Researchers in Utah find evidence of earliest human tobacco use 12,300 years ago
Global News
Researchers believe nomadic hunter-gatherers in what is now Utah may have used the tobacco or its plant fiber for the stimulant qualities offered by the nicotine.
Scientists have unearthed evidence of a milestone in human culture — the earliest-known use of tobacco – in the remnants of a hearth built by early inhabitants of North America’s interior about 12,300 years ago in Utah’s Great Salt Lake Desert.
Researchers discovered four charred seeds of a wild tobacco plant within the hearth contents, along with stone tools and duck bones left over from meals. Until now, the earliest documented use of tobacco came in the form of nicotine residue found inside a smoking pipe from Alabama dating to 3,300 years ago.
The researchers believe the nomadic hunter-gatherers at the Utah site may have smoked the tobacco or perhaps sucked wads of tobacco plant fiber for the stimulant qualities offered by the nicotine it contained.
After tobacco use originated among the New World’s native peoples, it spread worldwide following the arrival of Europeans more than five centuries ago. Tobacco now represents a worldwide public health crisis countries, with 1.3 billion tobacco users and more than 8 million annual tobacco-related deaths, according to the World Health Organization.
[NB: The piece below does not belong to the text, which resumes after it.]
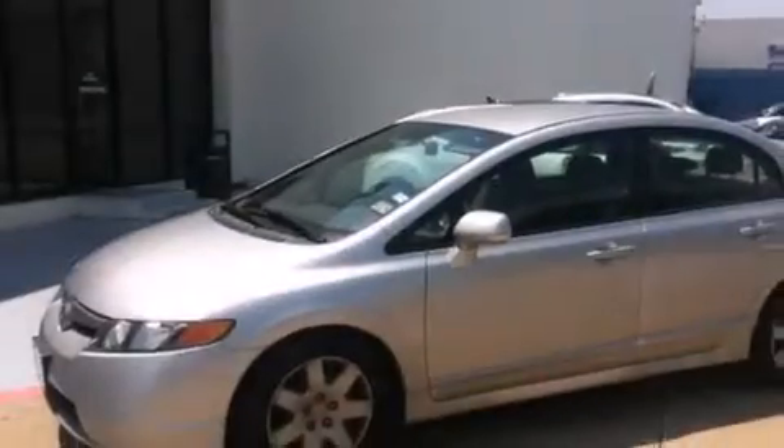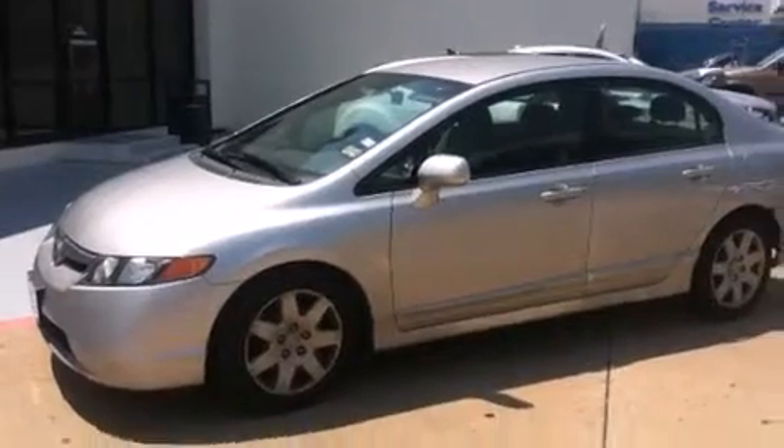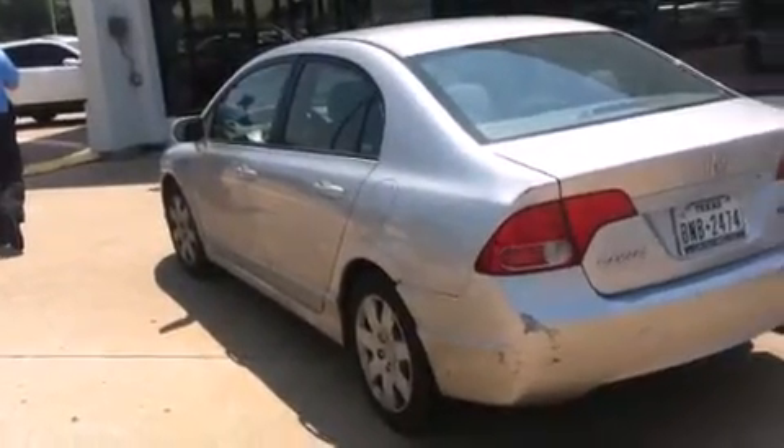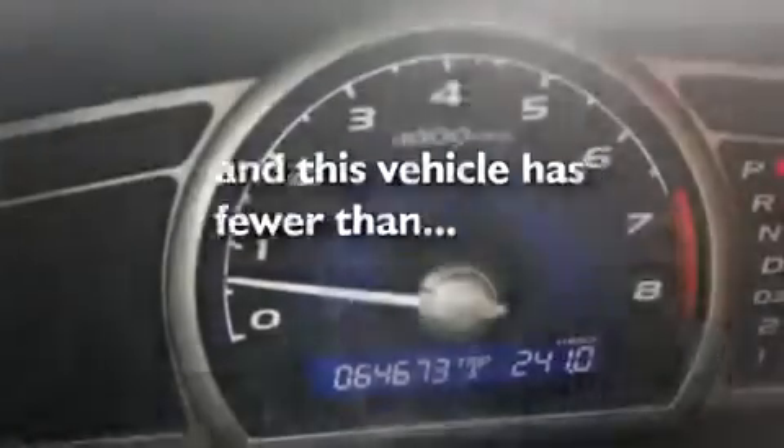All of the following features are included: air conditioning, cruise control, a rear window defroster, a CD player, a passenger side vanity mirror, side impact airbags, a security system, an anti-lock braking system, a keyless entry system, and this vehicle has less than 65,000 miles.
“On a global scale, tobacco is the king of intoxicant plants, and now we can directly trace its cultural roots to the Ice Age,” said archaeologist Daron Duke of the Far Western Anthropological Research Group in Nevada, lead author of the research published on Monday in the journal Nature Human Behaviour.
The seeds belonged to a wild variety of desert tobacco, named Nicotiana attenuata, that still grows in the area.
“This species was never domesticated but is used by indigenous people in the region to this day,” Duke said.
The Great Salt Lake Desert today is a large dry lake bed in northern Utah. The hearth site at the time was part of a vast marshlands, with a chillier clime during the twilight of the Ice Age. It is called the Wishbone site owing to duck wishbones found in the hearth.